So Long, See You Tomorrow
- First edition
- Author: William Maxwell
- Cover artist: Brookie Maxwell
- Language: English
- Publisher: The New Yorker (magazine) Knopf (book)
- Publication date: 1979 (magazine) 1980 (book)
- Publication place: United States
- Media type: Print
- Pages: 135
- ISBN: 0-394-50835-1

= So Long, See You Tomorrow (novel) =

1979 novel by William Maxwell

So Long, See You Tomorrow is a novel by American author William Maxwell. It was first published in The New Yorker magazine in October 1979 in two parts. It was published as a book the following year by Alfred A. Knopf.

It was awarded the William Dean Howells Medal, and its first paperback edition won a 1982 National Book Award. It was a finalist for the 1981 Pulitzer Prize. Michael Ondaatje described it as "one of the great books of our age". In 2016, it was included in a Parade Magazine list of the "75 Best Books of the Past 75 Years".

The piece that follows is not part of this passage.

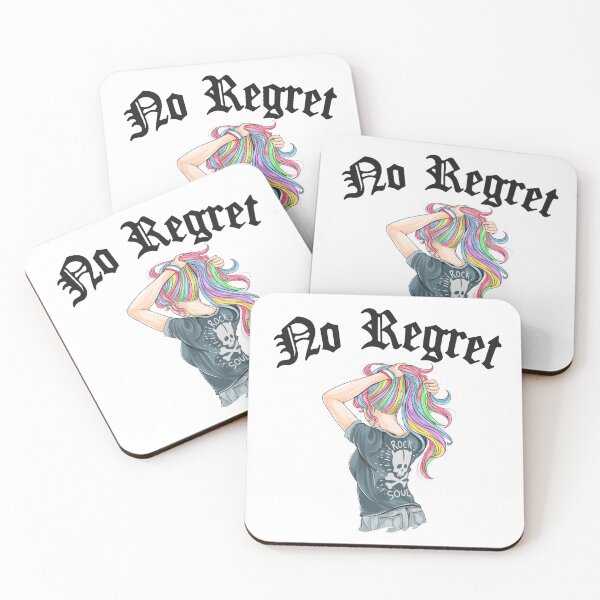 Item preview, No Regret Rock Soul Goth Chick Girl With Rainbow Color Hairstyle designed and sold by darknessjeff86.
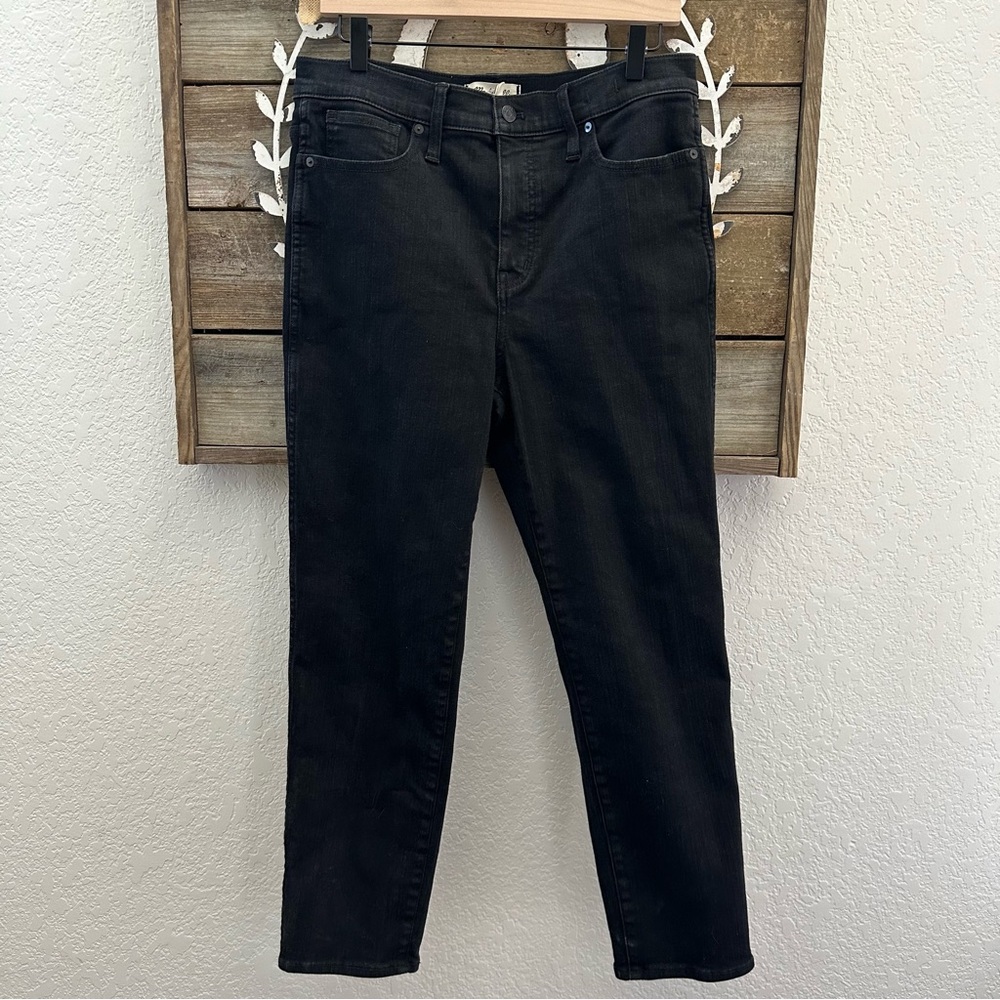 Madewell Stovepipe Women's Washed‎ Black Stretch Denim Jeans Size 31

The novel is based on fact and has been described as an "autobiographical metafiction".

==Plot introduction==
So Long, See You Tomorrow is set in Maxwell's hometown of Lincoln, Illinois and tells of a murder that occurred in 1922. Fifty years later the guilt-ridden narrator recounts how the relationships between two neighboring families — the Smiths and the Wilsons — led to the murder of Lloyd Wilson and the suicide of Clarence Smith. Also the narrator recounts how he failed to support Cletus, a close school friend who was the son of the murderer, Clarence Smith.

==Critical reception and influence==

On November 5, 2019, the BBC News listed So Long, See You Tomorrow on its list of the 100 most influential novels. In a starred review, Kirkus Reviews stated that the book was "major accomplishment: a wellnigh faultless, lacerating, and heartbreaking short novel." The book review site The Pequod rated the book a 10.0 (out of 10), saying, "Maxwell's story is personal but yet universal, and it leads us to recall our own childhood moments of regret and loss. This is a wondrous novel from start to finish."

So Long, See You Tomorrow influenced American writer Justin Torres and was directly referenced in his book Blackouts.